Coogee state Liberal MP Bruce Notley-Smith told the Southern Courier he had been working closely with the principal, Lance Raskall and Education Minister Rob Stokes to transform the school as soon as possible. As part of the plan, Randwick Girls will remain a single sex school.
“I’m really excited,” Mr Notley-Smith said. “Most people now agree that co-ed schools are preferable, especially for parents of boys.
“Parents of girls who want daughters to go to a single sex school will still have Randwick Girls.”
The schools were handed $3.7 million in the recent NSW Budget, some of which is expected to go towards the co-ed plan.
Mr Notley-Smith said they would soon be consulting the community. He couldn’t put a time frame on completion, but said they were “working to make it happen as quickly as possible”. He said the school had spare capacity and expected it to be more popular after it becomes co-ed. “I’ve had many parents come to me over the years to say they want Randwick Boys and Girls to combine,” Mr Notley-Smith said.
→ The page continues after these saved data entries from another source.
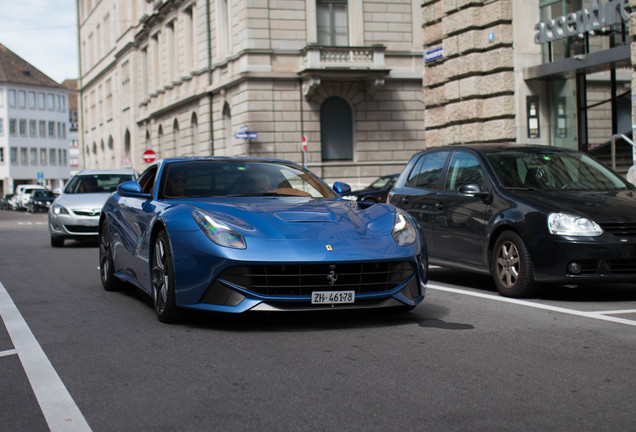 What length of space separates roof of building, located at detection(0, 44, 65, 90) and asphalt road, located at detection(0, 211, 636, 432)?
101 meters

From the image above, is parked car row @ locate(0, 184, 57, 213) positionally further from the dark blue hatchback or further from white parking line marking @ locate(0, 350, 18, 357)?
white parking line marking @ locate(0, 350, 18, 357)

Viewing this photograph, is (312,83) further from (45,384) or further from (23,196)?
(23,196)

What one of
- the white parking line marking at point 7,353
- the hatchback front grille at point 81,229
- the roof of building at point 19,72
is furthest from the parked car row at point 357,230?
the roof of building at point 19,72

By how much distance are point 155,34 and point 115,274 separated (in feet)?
137

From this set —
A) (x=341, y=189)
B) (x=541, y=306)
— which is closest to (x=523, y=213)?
(x=541, y=306)

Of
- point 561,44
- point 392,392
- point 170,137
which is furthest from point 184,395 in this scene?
point 170,137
Randwick Boys High P & C said it was open to the idea and would keenly await further details. Licia Heath, from the Community for Local Options for Secondary Education (CLOSEast), is campaigning for a new high school in the eastern suburbs to tackle capacity issues.
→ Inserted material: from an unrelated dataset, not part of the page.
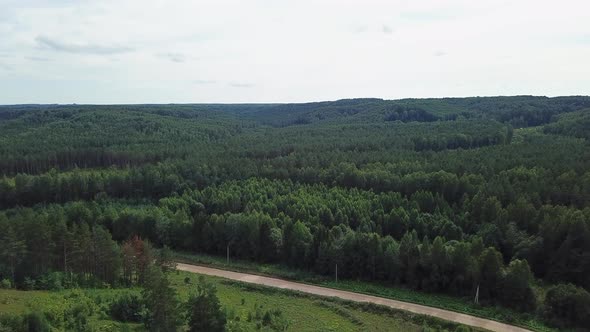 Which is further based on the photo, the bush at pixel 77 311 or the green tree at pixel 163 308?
the bush at pixel 77 311

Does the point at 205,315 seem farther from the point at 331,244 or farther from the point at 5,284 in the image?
the point at 331,244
She said the group welcomed a co-ed in an area where there are only single sex high schools. However, she said only a new co-ed school would solve capacity issues. “In reality, if no capacity is added, making RBHS co-ed provides more capacity for girls in the east and nominally less for boys.”
The Department of Education refused to elaborate on the co-ed proposal, only to say that plans for an upgrade were at an early stage.